■ DATASET EXCERPT
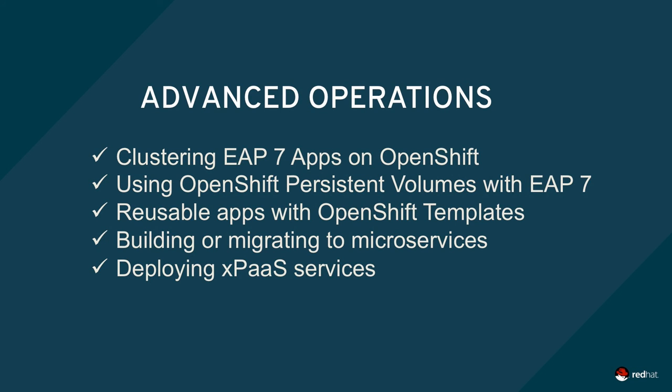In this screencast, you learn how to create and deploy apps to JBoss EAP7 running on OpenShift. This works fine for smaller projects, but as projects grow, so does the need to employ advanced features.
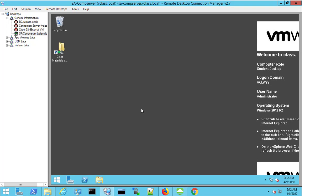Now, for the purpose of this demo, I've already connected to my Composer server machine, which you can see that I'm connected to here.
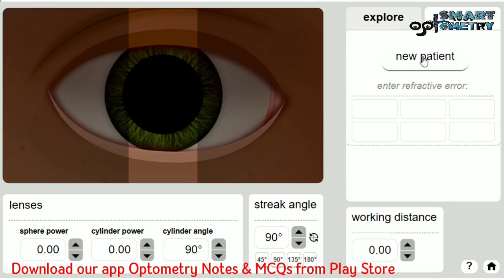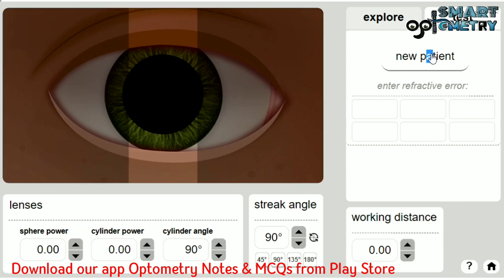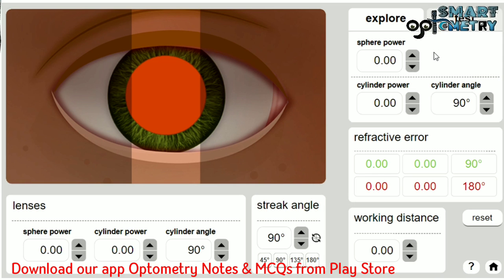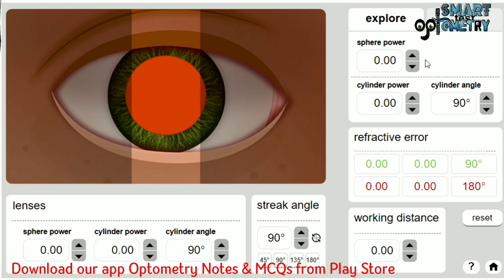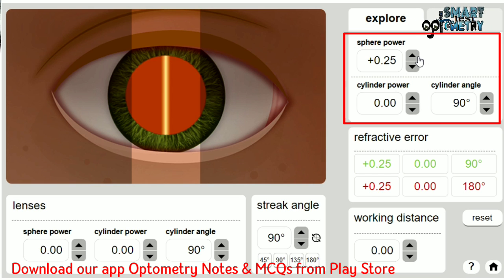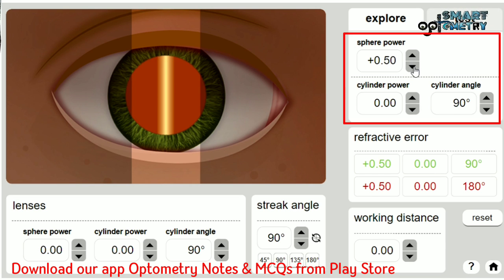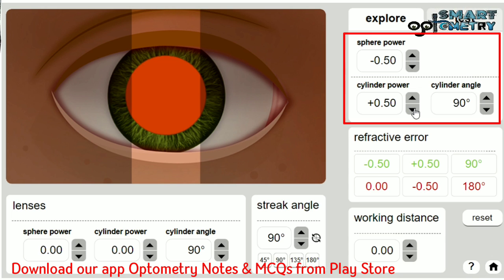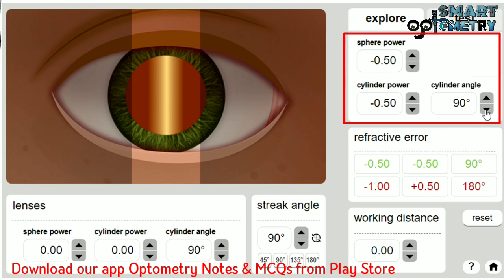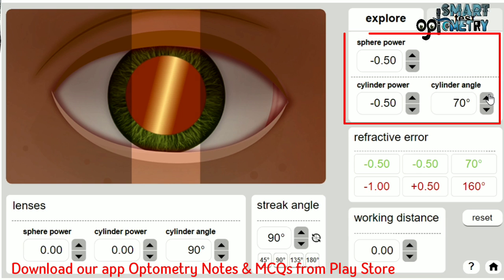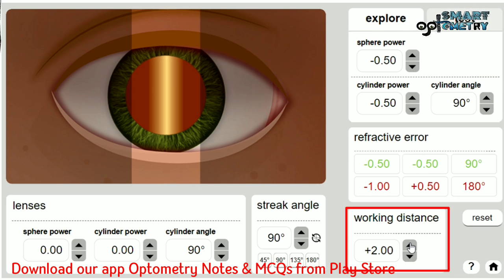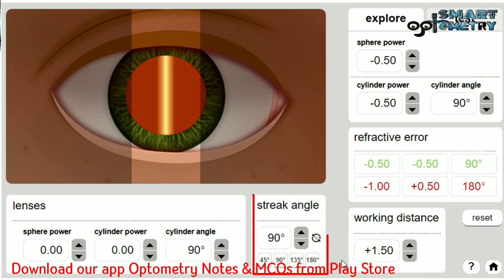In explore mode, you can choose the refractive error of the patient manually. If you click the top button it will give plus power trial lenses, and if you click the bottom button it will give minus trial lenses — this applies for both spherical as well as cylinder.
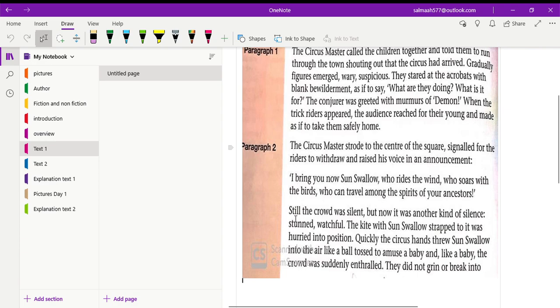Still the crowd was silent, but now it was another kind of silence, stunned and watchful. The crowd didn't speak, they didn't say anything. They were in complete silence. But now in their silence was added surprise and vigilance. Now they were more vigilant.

■ REQUIRED ACTION
Copy the data above line for line, skipping every picture.

■ SOLUTION BELOW
In this screencast, you learn how to create and deploy apps to JBoss EAP7 running on OpenShift. This works fine for smaller projects, but as projects grow, so does the need to employ advanced features.
Now, for the purpose of this demo, I've already connected to my Composer server machine, which you can see that I'm connected to here.
In explore mode, you can choose the refractive error of the patient manually. If you click the top button it will give plus power trial lenses, and if you click the bottom button it will give minus trial lenses — this applies for both spherical as well as cylinder.
Still the crowd was silent, but now it was another kind of silence, stunned and watchful. The crowd didn't speak, they didn't say anything. They were in complete silence. But now in their silence was added surprise and vigilance. Now they were more vigilant.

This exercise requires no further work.